** Opening DATA EXTRACT block **

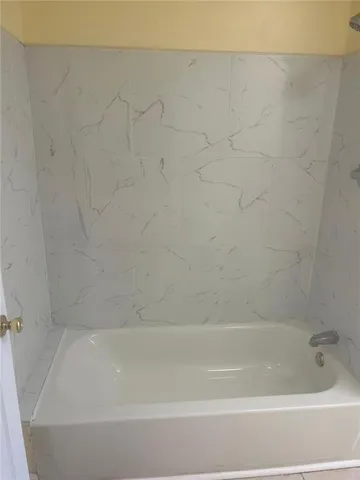 a bathroom with a granite countertop sink a toilet and a mirror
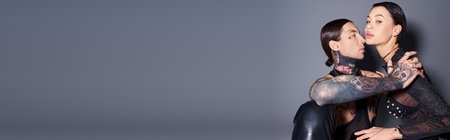 A stylish, tattooed man and woman posing confidently for a portrait in a studio against a grey background.の写真素材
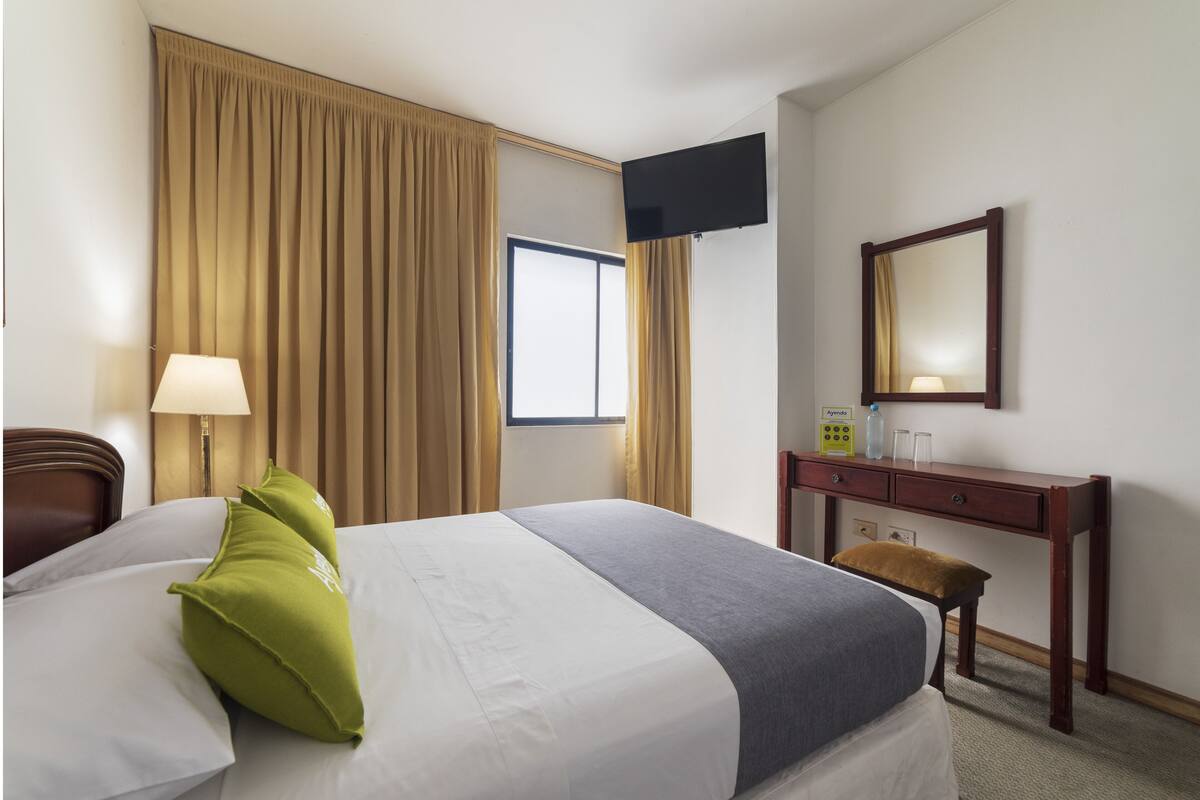 A hotel room with a bed, a desk, a chair, a TV, and a window.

** Closing DATA EXTRACT block **

WHAT YOU ARE ASKED TO DO: Once the pictures have been removed, reproduce each line of the material above exactly.

EXERCISE RESPONSE:
 a bathroom with a granite countertop sink a toilet and a mirror
 A stylish, tattooed man and woman posing confidently for a portrait in a studio against a grey background.の写真素材
 A hotel room with a bed, a desk, a chair, a TV, and a window.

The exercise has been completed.